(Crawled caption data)
──────

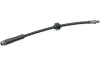 Bremsschlauch ATE 24.5104-0382.3 Bild Bremsschlauch ATE 24.5104-0382.3
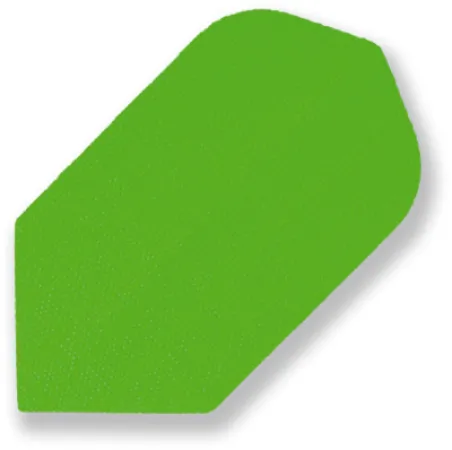 Bull's Letky Nylon 51551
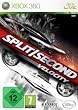 Split/Second: Velocity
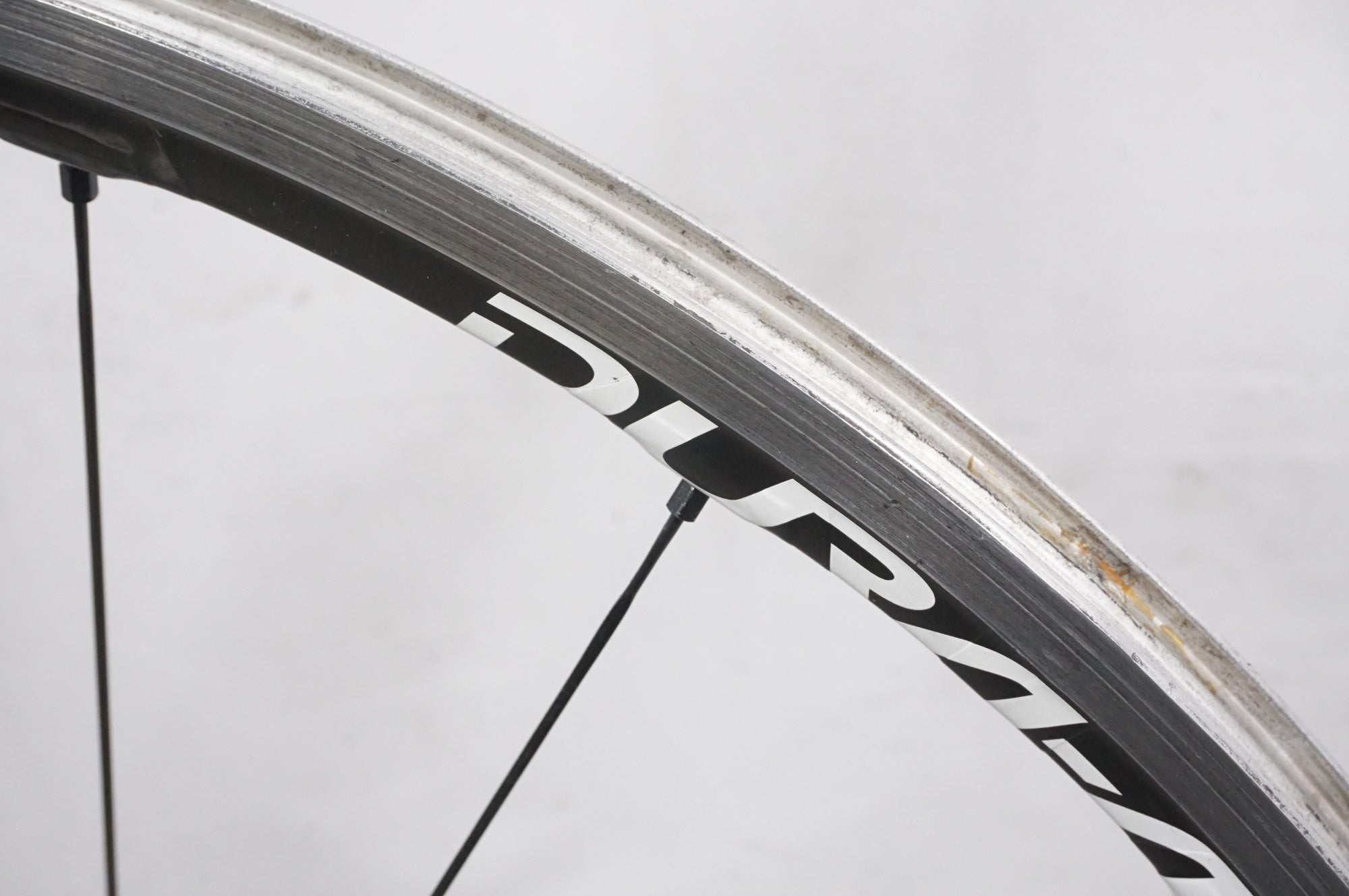 SHIMANO 「シマノ」 DURA ACE WH-7900 C24 CL シマノ11速 ホイールセット / AKIBA店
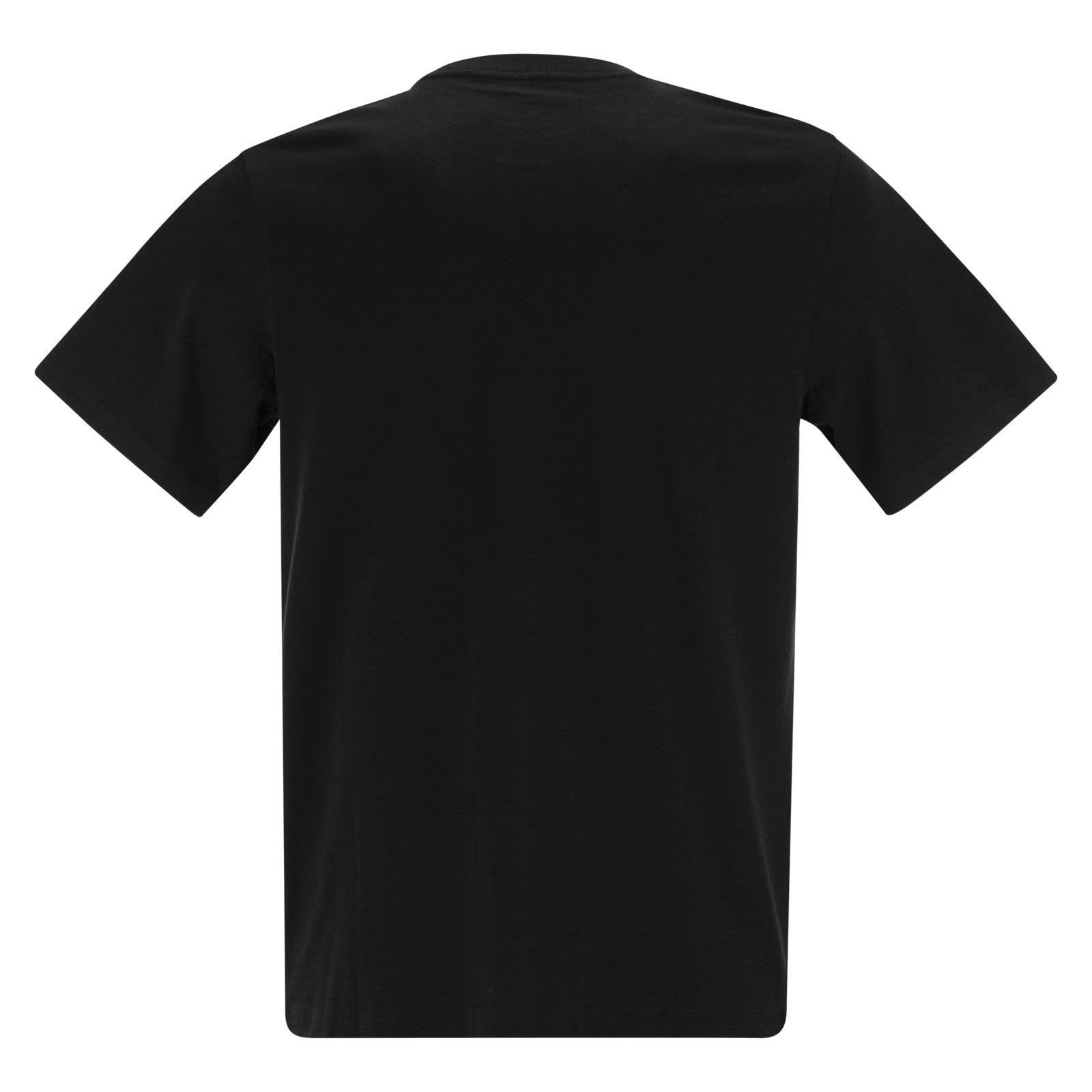 [CARHARTT] T-shirts Short Sleeve CO I030434 89XX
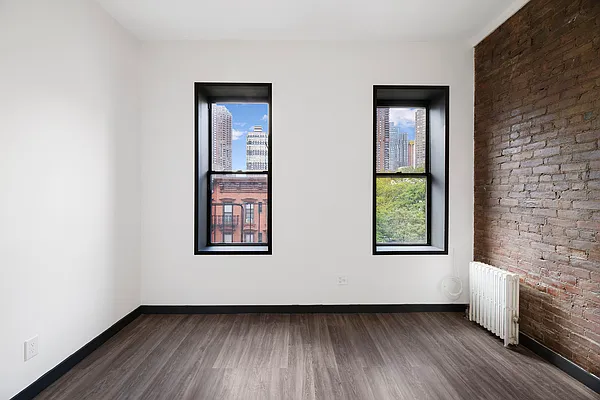 Rented by REAL New York | media 14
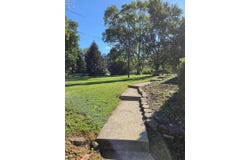 44 Riverlea, Tiffin, OH 44883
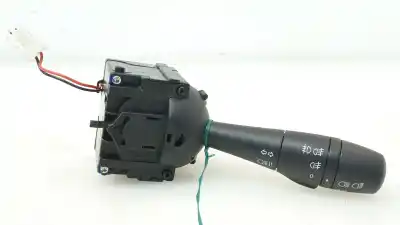 Автозапчасти б/у управление светом за renault clio iv (bh_) 0.9 tce 90 ссылки oem iam 255401303r  255675284r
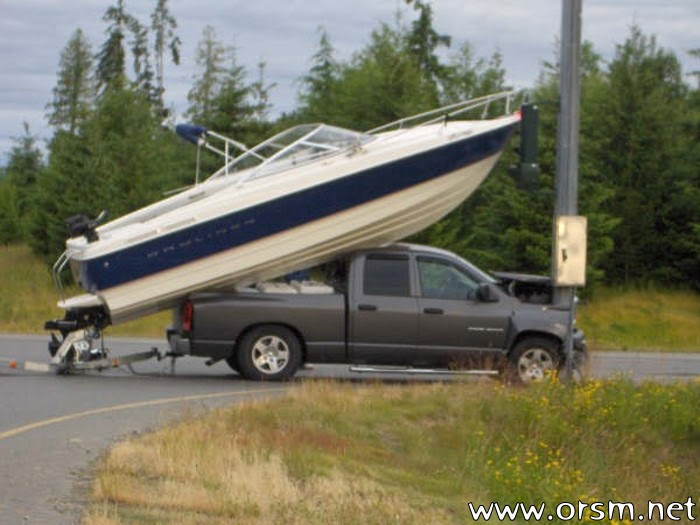 Wooden boat sailing canoe, jupiter 24 boat for sale, build ...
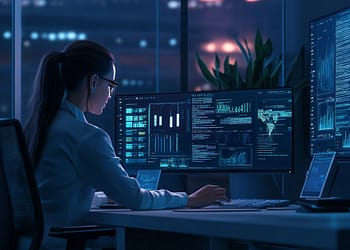 Data Breach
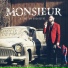 Monsieur et Tout un Orchestre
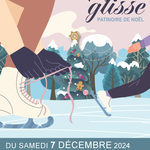 Affiche-patinoire-2024-scaled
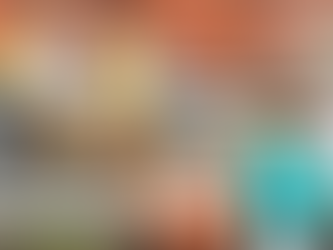 Educação – Lei obriga escolas a notificar o Conselho Tutelar, sobre casos de violência com estudantes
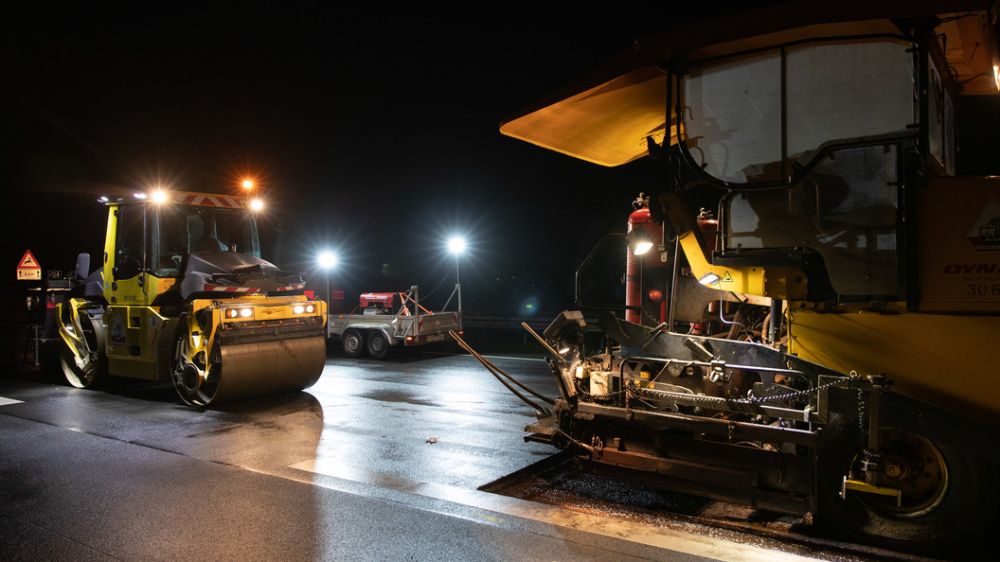 �� ���������� ������� ������ 164 �� �����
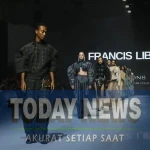 siaranpers_pemprov_dki-20251102195531_0epg25_625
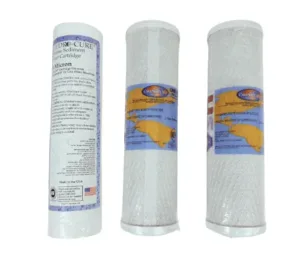 ערכת החלפה למערכת 3 אמריקאי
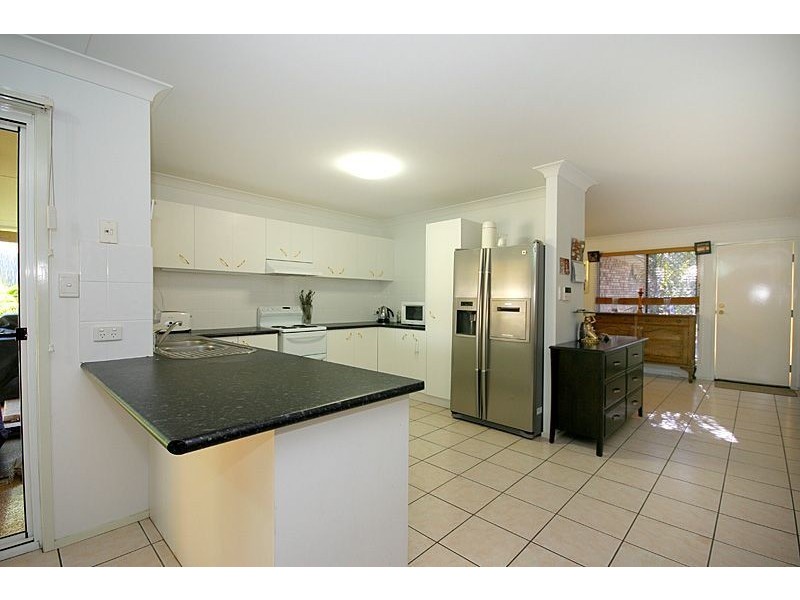 51 Argule St, Hillcrest QLD 4118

──────

#### WHAT IS REQUIRED:
Take the line containing "Monsieur et Tout un Orchestre" as the first line and the last line of the data above as the final one, and output exactly the lines between them, inclusive, with no pictures.

#### TASK ANSWER:
 Monsieur et Tout un Orchestre
 Affiche-patinoire-2024-scaled
 Educação – Lei obriga escolas a notificar o Conselho Tutelar, sobre casos de violência com estudantes
 �� ���������� ������� ������ 164 �� �����
 siaranpers_pemprov_dki-20251102195531_0epg25_625
 ערכת החלפה למערכת 3 אמריקאי
 51 Argule St, Hillcrest QLD 4118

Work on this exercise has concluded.